> **ACTIVITY**
If a line below falls between the line with "1C4PJLAB2HW****** Salvage 2017 Jeep Cherokee" and the line with "Krankarme Shimano STePS FC-EM600 170mm par", or is one of those two, output it exactly; output nothing else and no pictures.

> **DATA RECORDS**
++++++++++
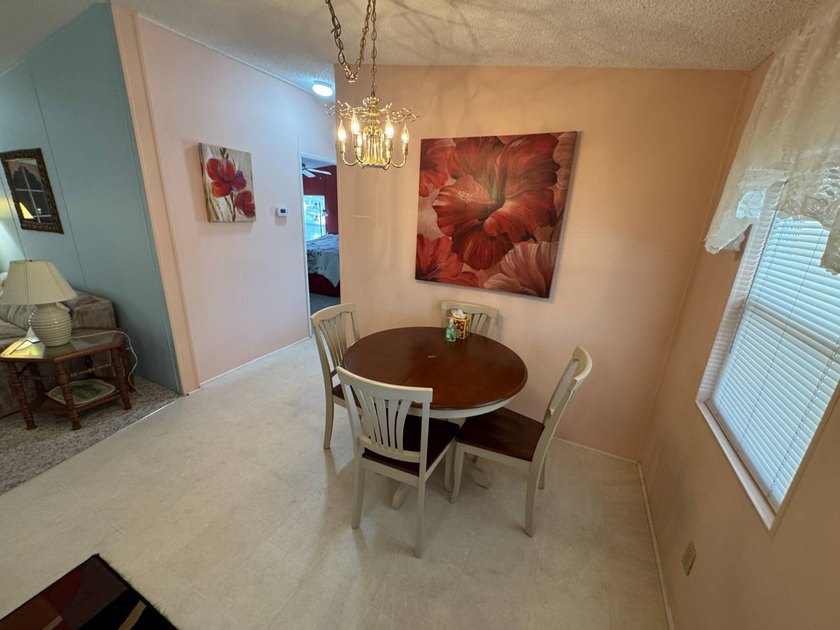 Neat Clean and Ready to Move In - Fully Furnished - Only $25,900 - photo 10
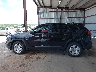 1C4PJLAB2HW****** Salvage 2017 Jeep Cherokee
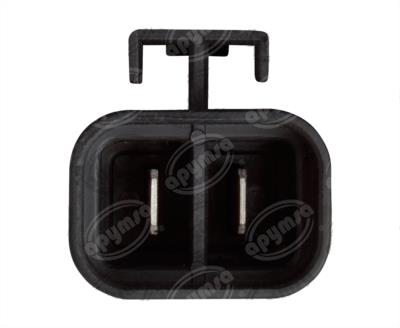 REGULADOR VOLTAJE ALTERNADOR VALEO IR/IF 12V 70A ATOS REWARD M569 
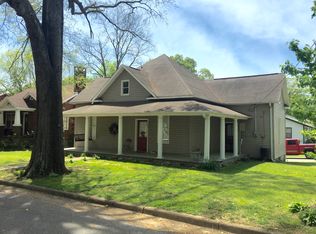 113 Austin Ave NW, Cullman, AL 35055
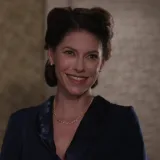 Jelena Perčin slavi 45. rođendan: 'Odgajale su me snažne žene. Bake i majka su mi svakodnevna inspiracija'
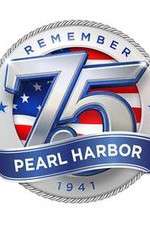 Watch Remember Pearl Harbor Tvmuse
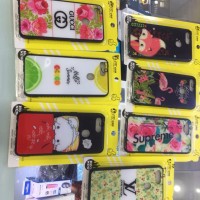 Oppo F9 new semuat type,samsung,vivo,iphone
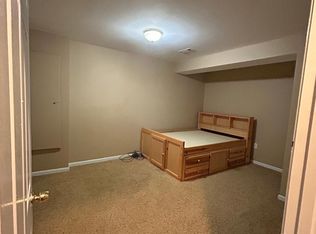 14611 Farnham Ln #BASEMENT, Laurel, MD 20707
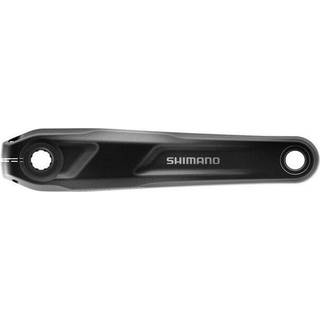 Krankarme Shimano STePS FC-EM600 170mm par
++++++++++
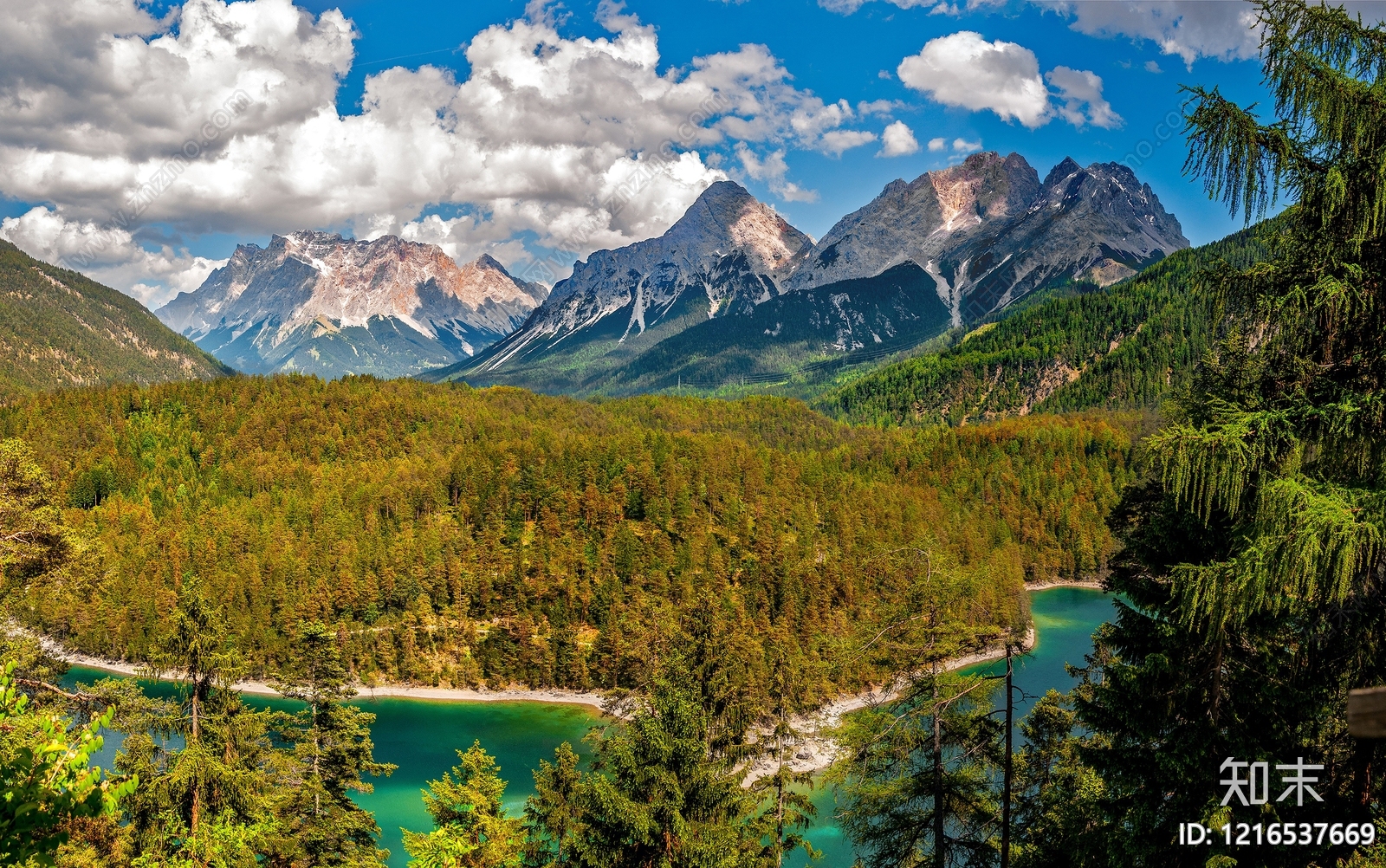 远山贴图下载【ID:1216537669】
++++++++++
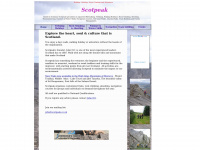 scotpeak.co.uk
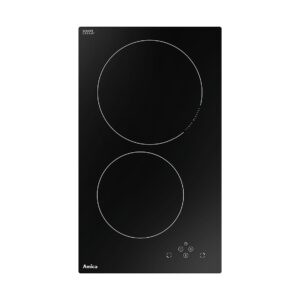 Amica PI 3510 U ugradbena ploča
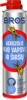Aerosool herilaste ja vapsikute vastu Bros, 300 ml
++++++++++
> **OUTPUT OF THE EXERCISE**
 1C4PJLAB2HW****** Salvage 2017 Jeep Cherokee
 REGULADOR VOLTAJE ALTERNADOR VALEO IR/IF 12V 70A ATOS REWARD M569 
 113 Austin Ave NW, Cullman, AL 35055
 Jelena Perčin slavi 45. rođendan: 'Odgajale su me snažne žene. Bake i majka su mi svakodnevna inspiracija'
 Watch Remember Pearl Harbor Tvmuse
 Oppo F9 new semuat type,samsung,vivo,iphone
 14611 Farnham Ln #BASEMENT, Laurel, MD 20707
 Krankarme Shimano STePS FC-EM600 170mm par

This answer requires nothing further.